Editorial: Westmoreland DA's Office needs to watch the clock on criminal cases
Do you remember the Hasbro game Perfection?
It’s a bright red frame with a blue board you push down. A dial is turned, starting a timer when the switch is flipped. You get one minute to take the 25 yellow plastic shapes and fit them into their corresponding geometric spaces on the board. Run out of time, and the board pops up, flinging all the pieces out.
The penalty is the pickup — and possibly stepping on the sharp peg handle of an errant piece.
On Tuesday, the Westmoreland County District Attorney’s Office got to relive that experience.
In a 12-page ruling, Common Pleas Judge Tim Krieger dismissed a case. Jesse Springer, 38, of Ligonier was charged with driving under the influence in May 2021. Just days short of two years later, Springer still hasn’t been to trial. He should have been in court by June 3, 2022.
That’s a problem in Pennsylvania — and America. The right to a “speedy trial” is right there in the Sixth Amendment of the U.S. Constitution.
In the Keystone State, the law in question is Rule 600. A case must come to trial within six months if the accused is in custody and within a year if they aren’t. There are ways to press pause on that clock with delays and postponements requested or agreed to by either prosecution or defense, but those timelines are the goal.
A simple DUI stretching two years is well beyond those limits, and Krieger took the DA’s Office to task for it. However, it wasn’t just Springer’s case he cited but also a trend — because Springer’s case wasn’t the only one to miss the deadline.
Krieger noted two other cases dismissed by two other judges — one in 2018 and one in 2021.
This shows the problem is bigger than DA Nicole Ziccarelli, who took office in 2021. The oldest case is definitely not her fault. Some delays in the second case might predate her, too. But failure to get Springer to court on time definitely happened on her watch.
It’s worth arguing that the DA’s Office has had significant cases to prosecute over that period of time, including murders and sexual assaults. Springer’s DUI was a misdemeanor with a summary taillight violation tacked on. It was a first offense. He had been released without bail. It was not the case of a hardened criminal.
The issue is: That shouldn’t matter. If a law is worth writing, it is worth enforcing. If it is worth arresting someone for breaking it, it is worth following the rules of prosecution to complete the process. It is unfair to the person arrested to drag it out. It is equally unfair to the taxpayers to waste an extra year juggling a case.
The DA’s Office blamed court administration for not scheduling the case on time. However, Krieger rightly noted that ensuring cases are scheduled in accordance with Rule 600 is the prosecution’s responsibility.

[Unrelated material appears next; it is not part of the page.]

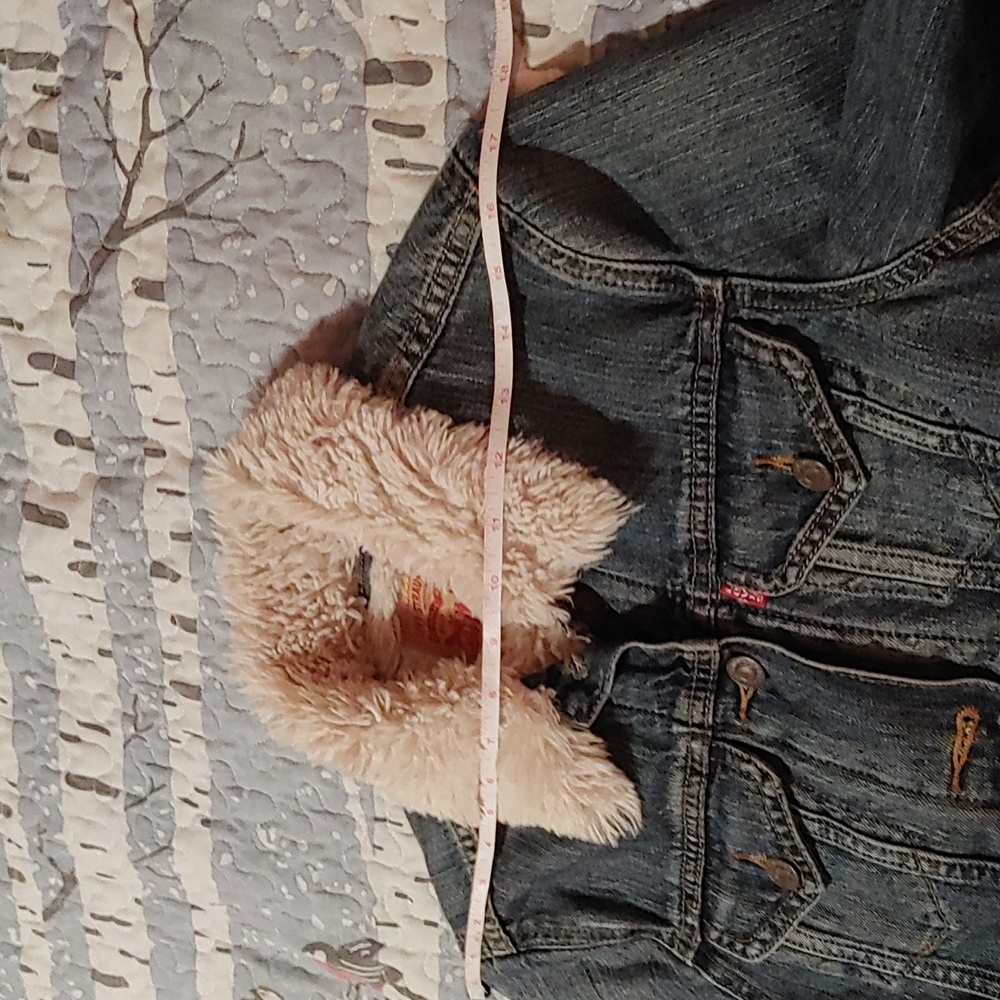 Levis Jean Jacket - Picture 12 of 13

Ziccarelli spokeswoman Melanie Jones disagreed with the judge’s decision and indicated the office has a case record management system in place.
Springer’s case — and the two before it — would indicate the system is less than perfect and the DA’s Office needs to pay closer attention to prevent more cases from blowing apart when time runs out. Because trials are not a game.
Editor’s note: Krieger’s name was inadvertently substituted for Springer’s in two sentences in an earlier version of this editorial.